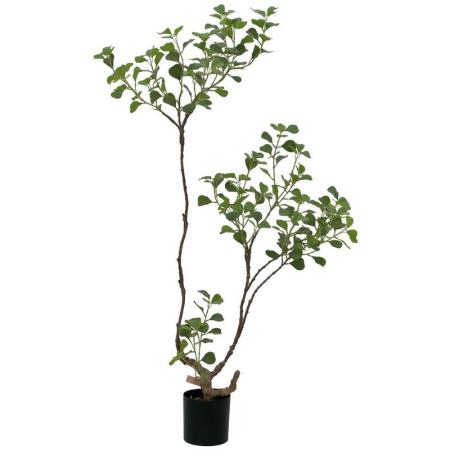 【直送】【人工観葉植物】ビバ工芸/トリアングラリスツリー120cm/VGZ-0073 ※返品・代引・キャンセル・個人宅配送不可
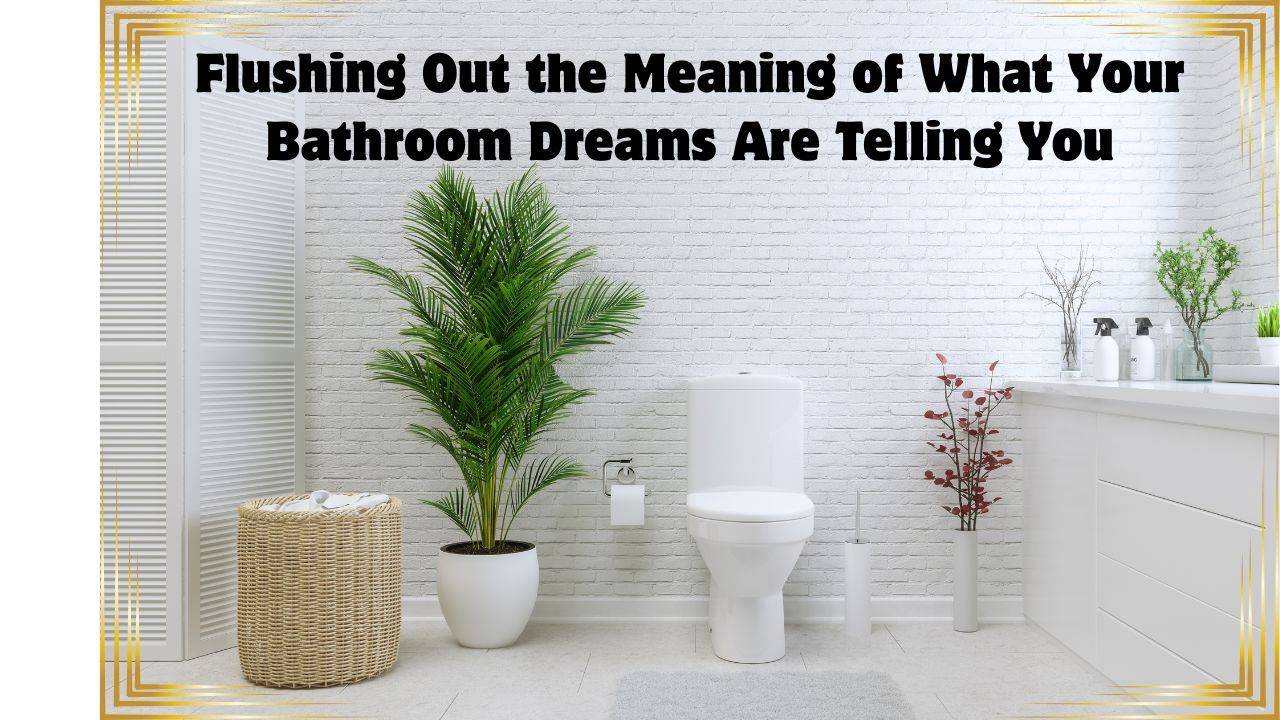 dreaming of bathroom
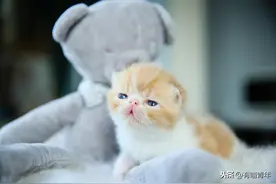 从小失明的小猫，手术后第一次见到猫妈妈，场面让人泪崩图片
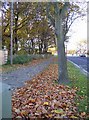 Drifting leaves, Bradley Road, Bradley, Huddersfield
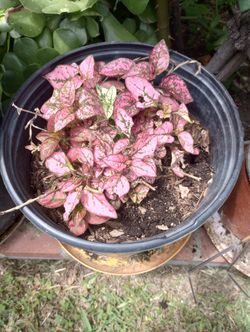 Polka Dot Plant / Hypoestes Phyllostachya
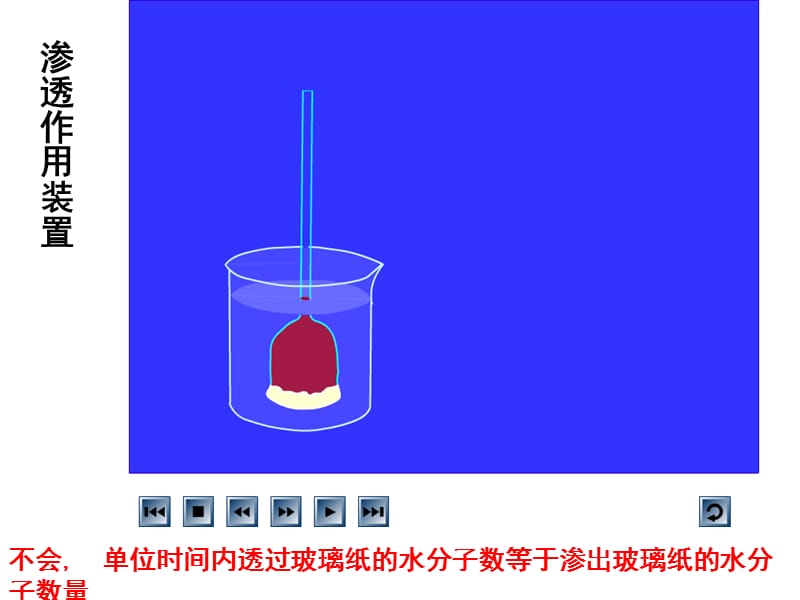 跨膜运输(1).ppt_第2页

++++++++

:: TASK DESCRIPTION ::
Please copy exactly, and only, the lines from the one that contains "dreaming of bathroom" through the last line of the data above, omitting all pictures.

:: THE COMPLETED TASK ::
 dreaming of bathroom
 从小失明的小猫，手术后第一次见到猫妈妈，场面让人泪崩图片
 Drifting leaves, Bradley Road, Bradley, Huddersfield
 Polka Dot Plant / Hypoestes Phyllostachya
 跨膜运输(1).ppt_第2页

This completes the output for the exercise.